Note

This tutorial was generated from a Jupyter notebook that can be accessed here.

Preprocessing#

In this tutorial, we present data manipulation functionalities of the preprocess module. To import the module:

from PCAfold import preprocess

Centering, scaling and constant variable removal#

We begin by generating a dummy data set:

import numpy as np

X = np.random.rand(100,20)

Several popular scaling options have been implemented such as Auto (std), Range, VAST or Pareto. Centering and scaling of data sets can be performed using preprocess.center_scale function:

(X_cs, X_center, X_scale) = preprocess.center_scale(X, 'range', nocenter=False)

To invert the centering and scaling using the current centers and scales preprocess.invert_center_scale function can be used:

X = preprocess.invert_center_scale(X_cs, X_center, X_scale)

If constant variables are present in the data set, they can be removed using preprocess.remove_constant_vars function which can be a useful pre-processing before PCA is applied on a data set.
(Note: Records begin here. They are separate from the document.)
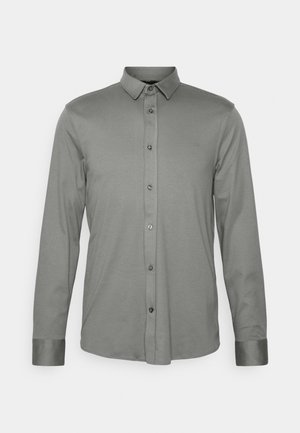 Shirt - grey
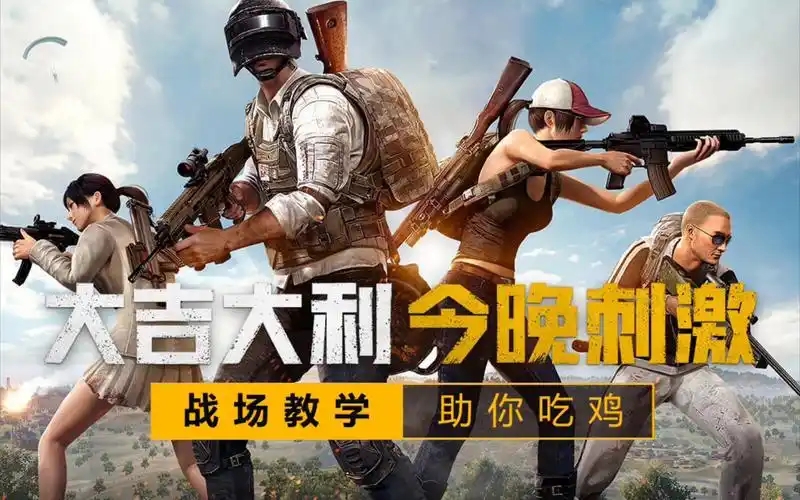 网站LOGO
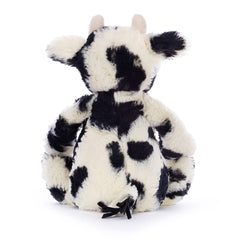 Jollytoy Bashful Calf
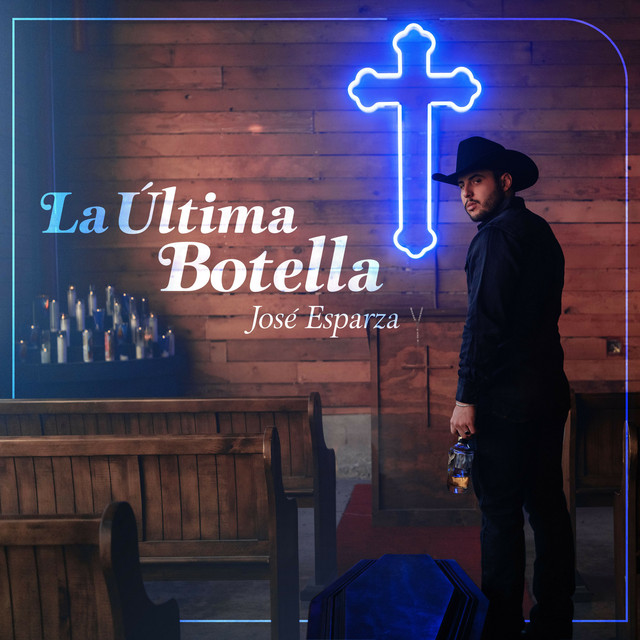 La Última Botella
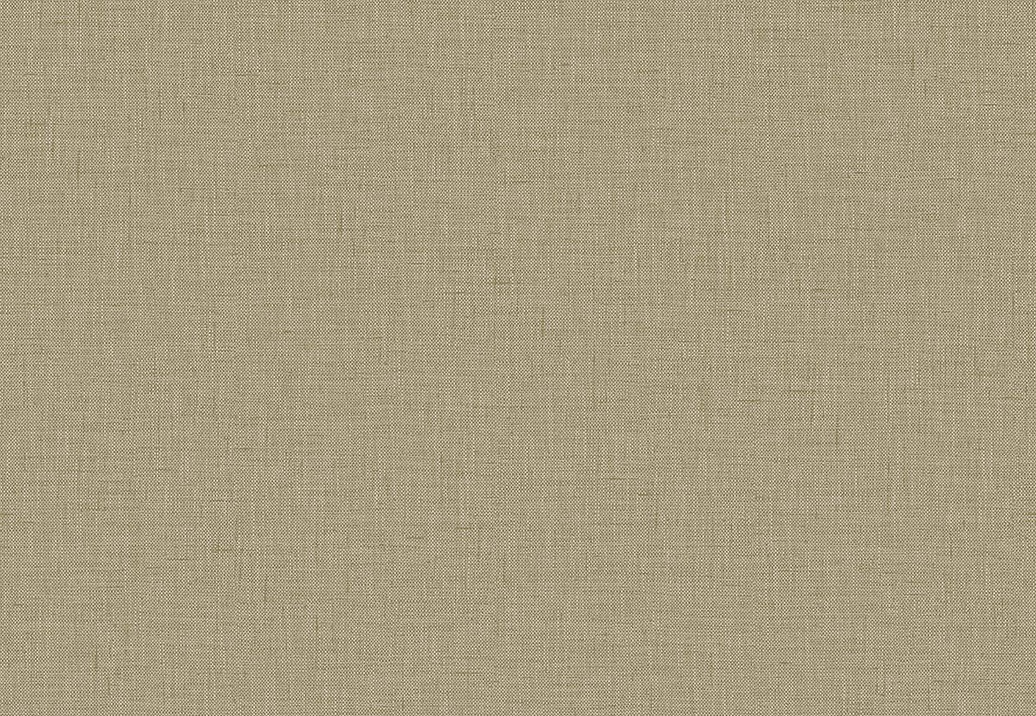 Обои Seabrook Fibers & Threads TH90217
If an artificial constant column is injected:

X[:,5] = np.ones((100,))

it can be removed by:

(X_removed, idx_removed, idx_retained) = preprocess.remove_constant_vars(X)

In addition to that, an object of the PreProcessing class can be created and used to store the combination of the above pre-processing:

preprocessed = preprocess.PreProcessing(X, 'range', nocenter=False)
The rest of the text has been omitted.